One of the proud boasts for Spring Boot was how simple it was, with an example application that fitted into a single tweet (the link includes instructions for running it):

spring-boot

As easy as it is to get a Spring Boot application working, this is only part of the task of the development life-cycle. By focussing on the output, it’s easy to miss a lot of the non-functional aspects of an application. You can deploy a new piece of software to a server without making it easy for developers to work with. This is particularly dangerous with non-technical stakeholders who only see these non-functional requirements indirectly. It’s hard to prioritise infrastructure against features and bug-fixes. They are also incredibly difficult to fit into an application after it goes live.

I’ve recently set up a new application. The initial project was produced using Spring Initializr but, rather than start cutting code, I’ve been thinking about what else I need for a basic application.
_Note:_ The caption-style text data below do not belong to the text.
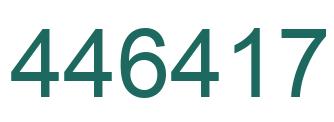Number 446417 green image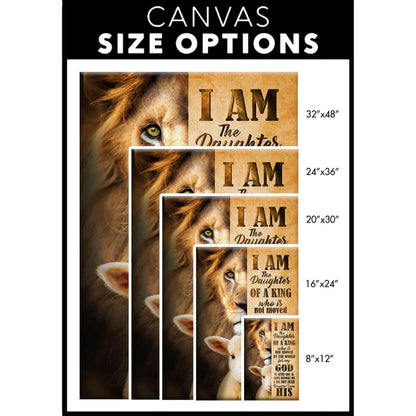 i am the daughter of a king canvas wall art (view 3)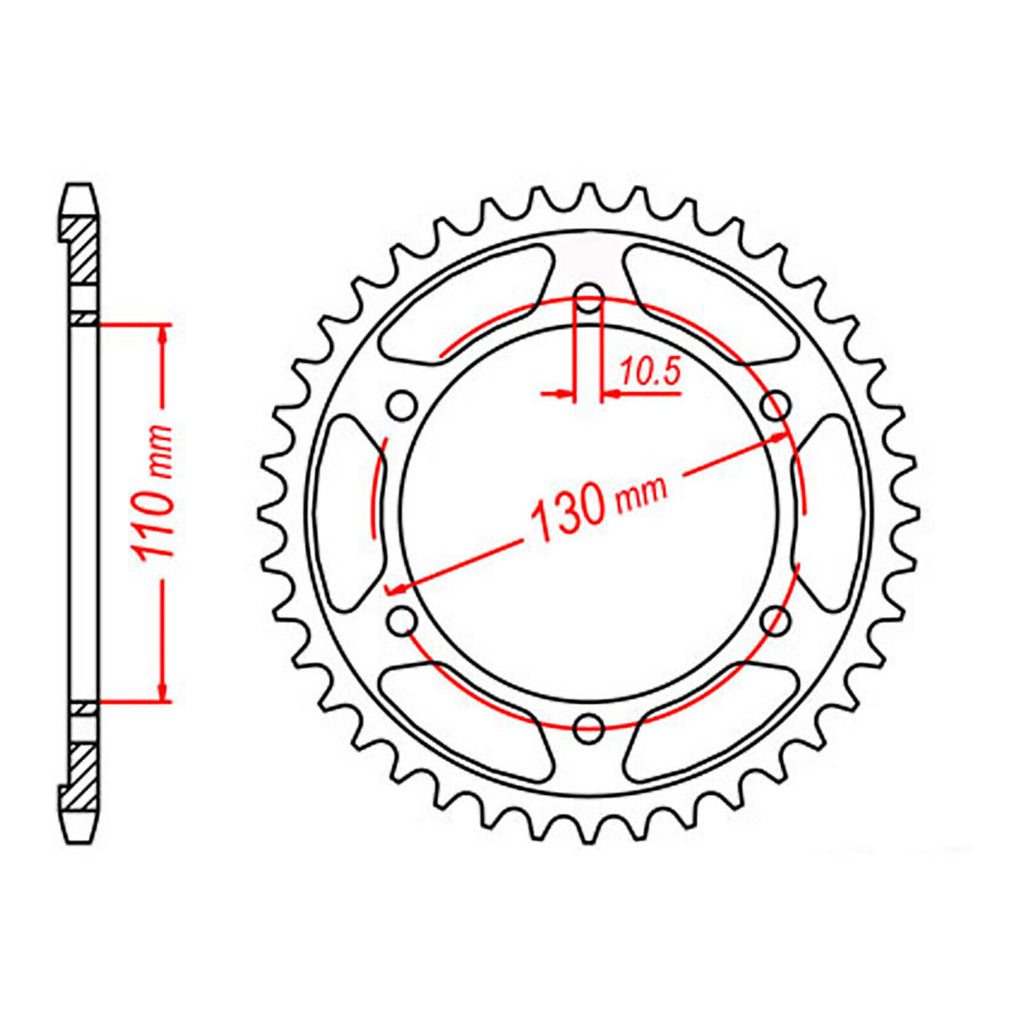 XAM Sprocket Kit Yamaha R6 '06-'15 X-Ring 16/45
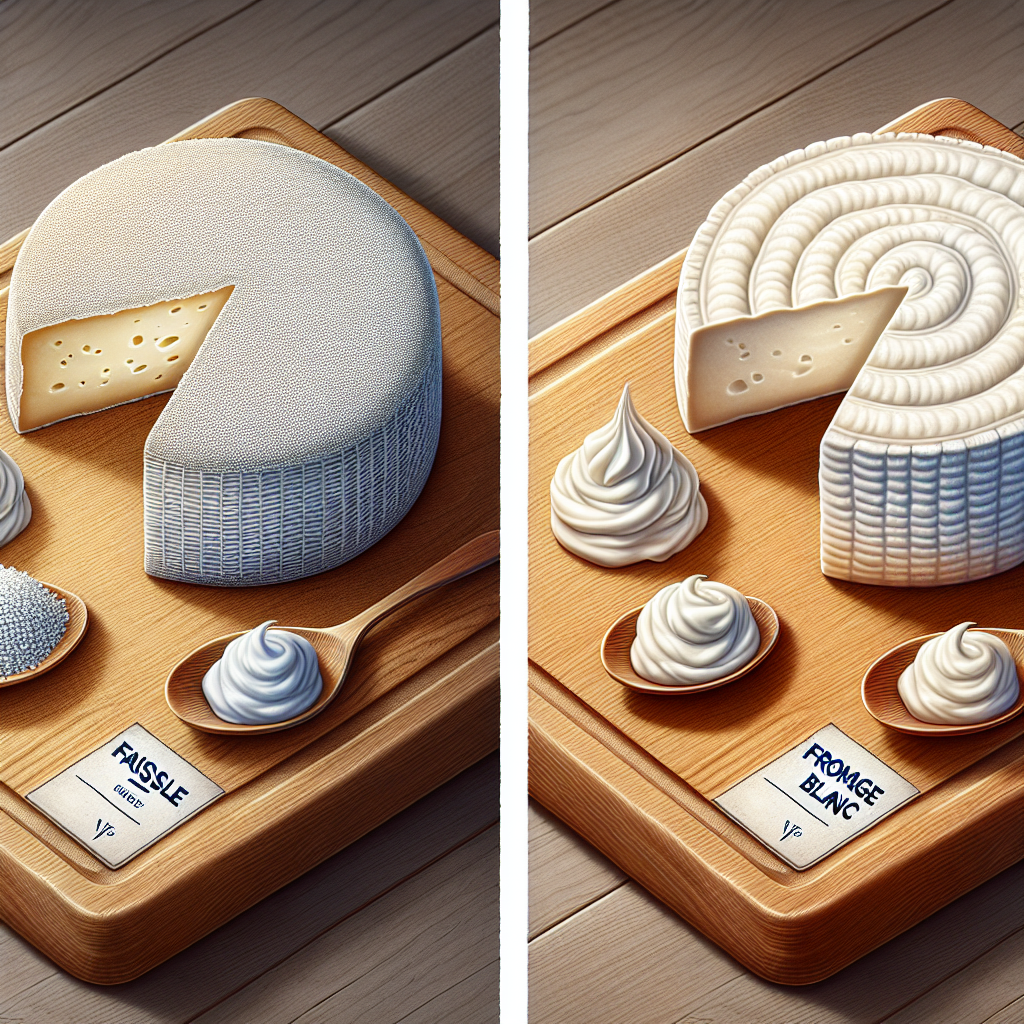différence entre la faisselle et le fromage blanc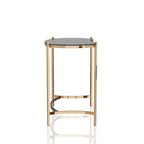 Modern Gold 44-inch Glass Computer Desk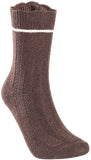Lian LifeStyle Big Girl's Women's Gorgeous Wool Blend Crew Socks L1853 Size 6-9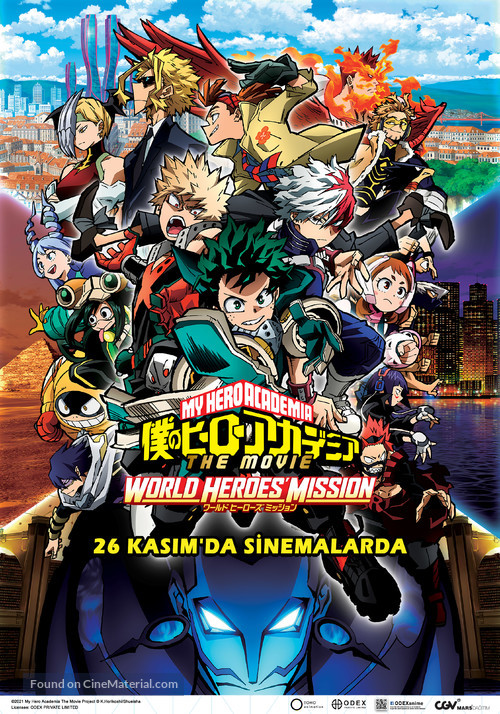 Boku no Hero Academia: World Heroes Mission - Turkish Movie Poster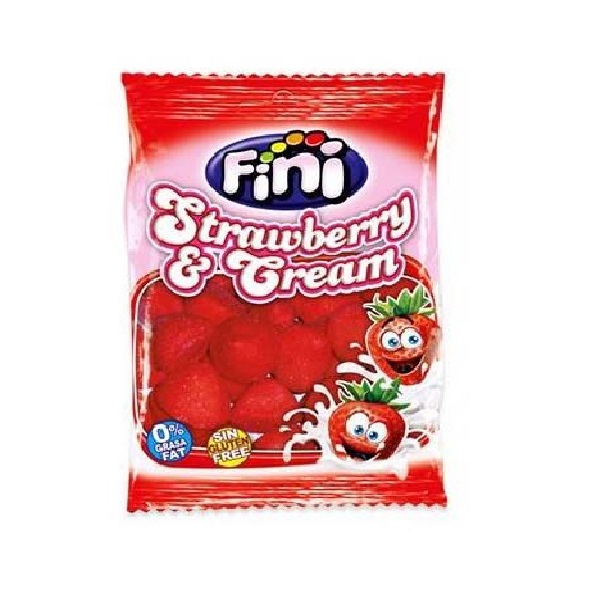 ΖΑΧΑΡΩΤΑ FINI STRAWBERRY & CREAM 75gr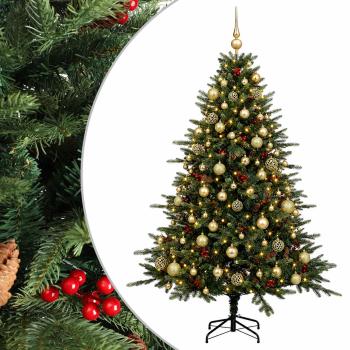 Künstlicher Weihnachtsbaum mit Weihnachtskugel 240 cm 300 LEDs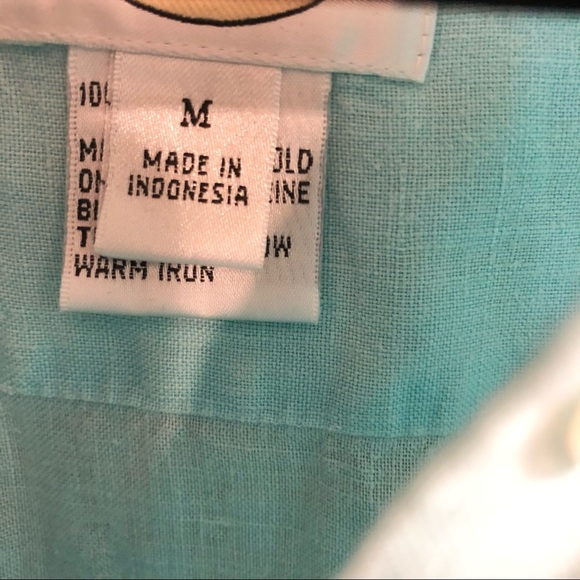 Talbots 100% Linen Button Down - Picture 4 of 7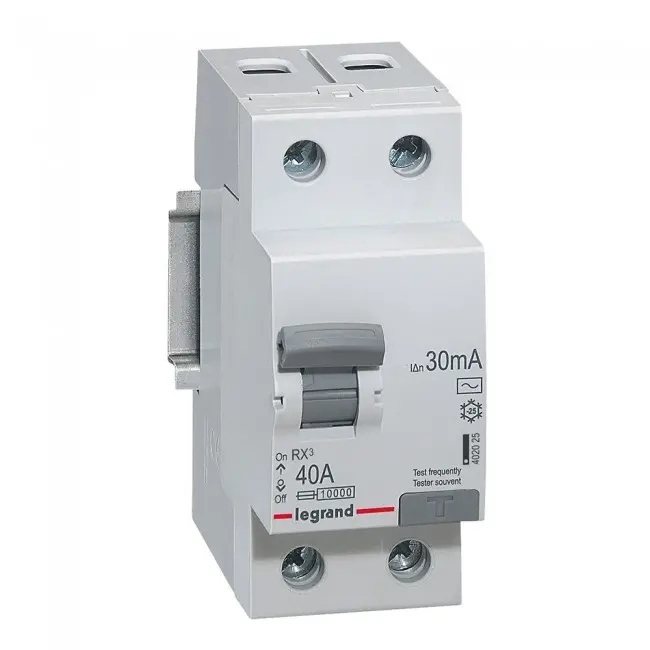 ΔΙΑΚΟΠΤΗΣ ΔΙΑΡΡΟΗΣ RX-3 2P 40A 30mA 6kA LEGRAND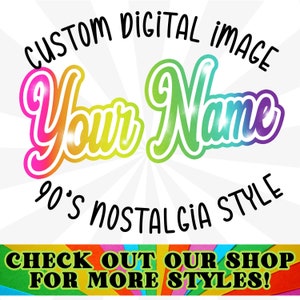 Lisa Frank Inspired Personalized Cake Topper Different Options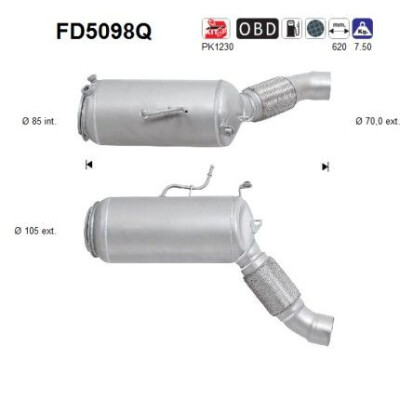 Filtro antiparticolato / particellare, Impianto gas scarico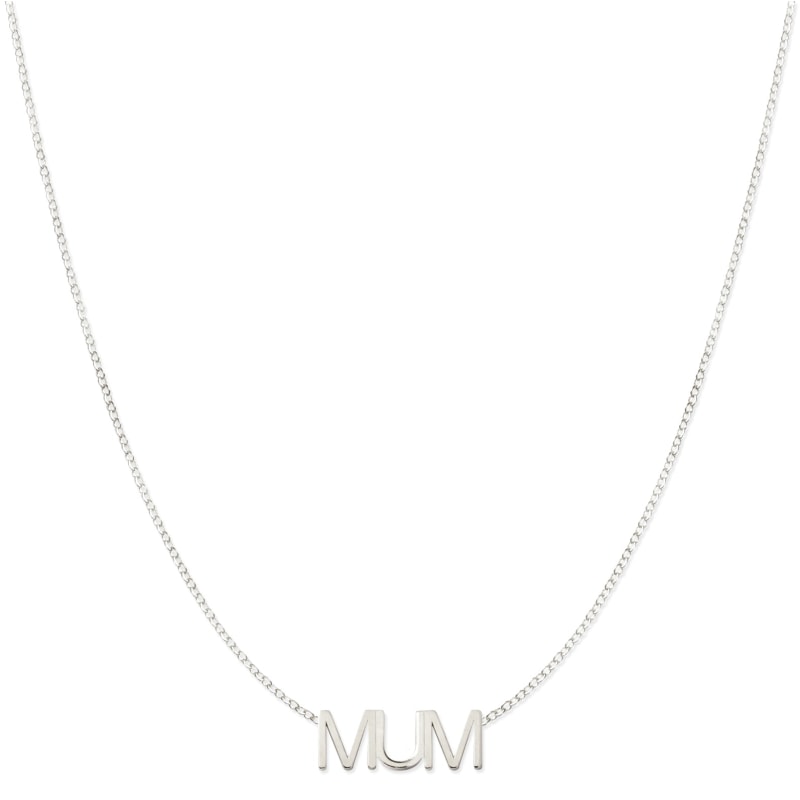 White gold mum necklace shop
The essentials include:

  • Source control – and, preferably, some sort of branching and versioning strategy
  • Continuous integration and related process to make sure that new commits don’t break tests
  •  A deployment process allowing the same binary to deployed to immutable servers – preferably using some sort of container or virtualisation – preferably with the binary produced once and stored in a centralised location.
  • A means of externalising configuration for different environments
  • Some sort of monitoring and log management

It’s easy to drop a Spring Boot jar file onto a server and run it, but that’s not going to work in the long term and the easiest time to sort these infrastructural items in place is at a project’s start. The more complicated things become, the harder it is to add them in.

In short: an application isn’t just the software you are writing: it’s also the infrastructure that you put around it. In order to release and maintain an application you need to do a certain amount of work beforehand. Your hello-world application isn’t ready for production until these things are done.